I have a blob storage that has a number of folders, each folder has a number of pdf documents. I now want to create an azure search index which indexes the data by folder level, but includes a complex type structure (Collection(edm.ComplexType) that allows me to include all the documents. So the index looks like this:

{"name": "index",
"fields":
[
    {"name": "id", "type": "Edm.String", "filterable": true, "key": true, "searchable": true, "sortable": true, "facetable": false},
    {"name": "folderName", "type": "Collection(Edm.String)", "searchable": true, "retrievable": true, "filterable": true, "sortable": false, "facetable": true, "analyzer": "en.microsoft"},
    {"name": "documents", "type": "Collection(Edm.ComplexType)",
    "fields": [
        {"name": "documentName", "type": "Edm.String", "searchable": true, "retrievable": true, "filterable": true, "sortable": false, "facetable": true, "analyzer": "en.microsoft"},
        {"name": "content", "type": "Edm.String", "searchable": true, "retrievable": true, "filterable": false, "sortable": false, "facetable": false, "analyzer": "en.microsoft", "synonymMaps": ["synonymsmap"]},
        {"name": "documentType", "type": "Collection(Edm.String)", "searchable": true, "retrievable": true, "filterable": true, "sortable": false, "facetable": true, "analyzer": "en.microsoft"},
        {"name": "language", "type": "Collection(Edm.String)", "searchable": true, "retrievable": true, "filterable": true, "sortable": false, "facetable": true, "analyzer": "en.microsoft"}
    ]
    }
]

}

Does anyone know how I should approach this? I have been creating and populating indexes using rest api.

I am thinking maybe I need to create a folder-level index structure and populate the folder-level details from some sql-table before populating the sub-fields with the blobs through skillset and indexer etc?

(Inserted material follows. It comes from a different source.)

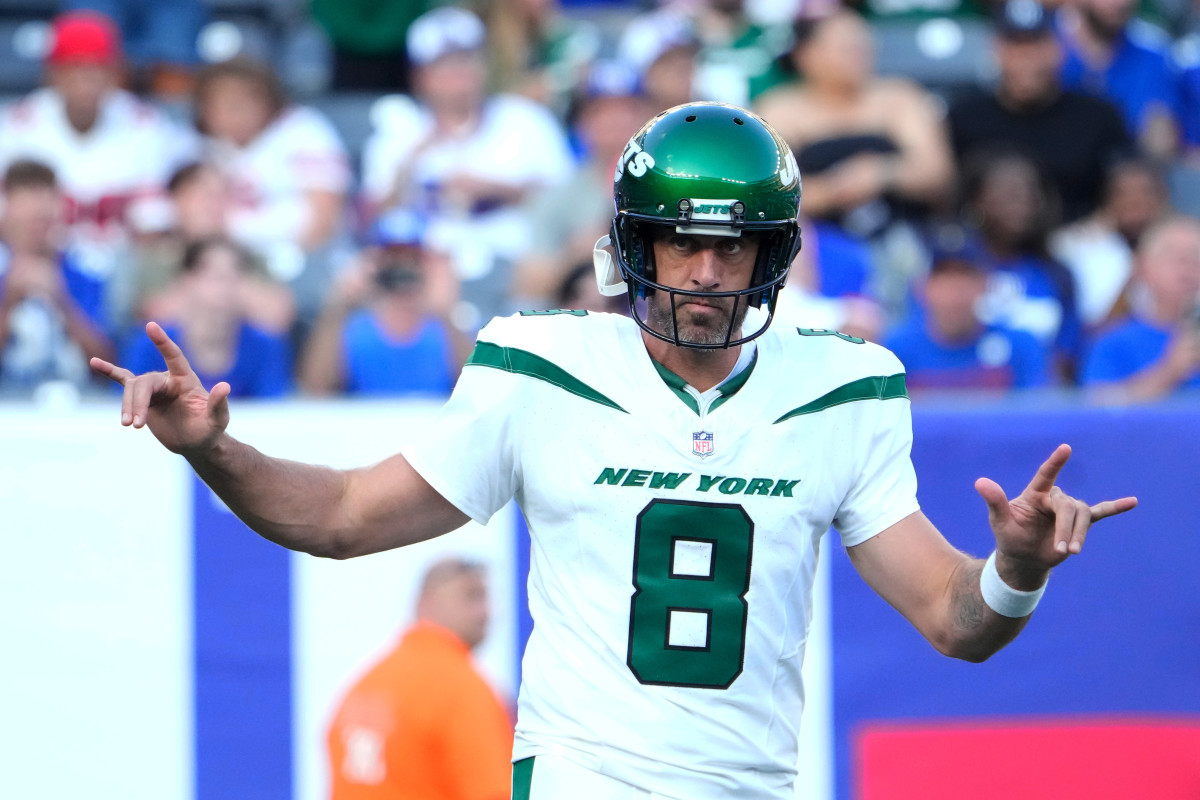 Ridiculous Ranking: New York Jets' Aaron Rodgers Behind WNBA Player ...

EDITS: Maybe my ideas above are completely off-track. What I want to do is to search a term and return folder names based on the aggregate relevancy of documents within folders. Not sure if this is achievable in search or have to be processed afterwards. Any pointers?

1

1 Answers

0
votes

Does anyone know how I should approach this? I have been creating and populating indexes using rest api.

A: If you want this structure, then you're right. You'll need to create your index and push data by yourself (rest api is one of the options)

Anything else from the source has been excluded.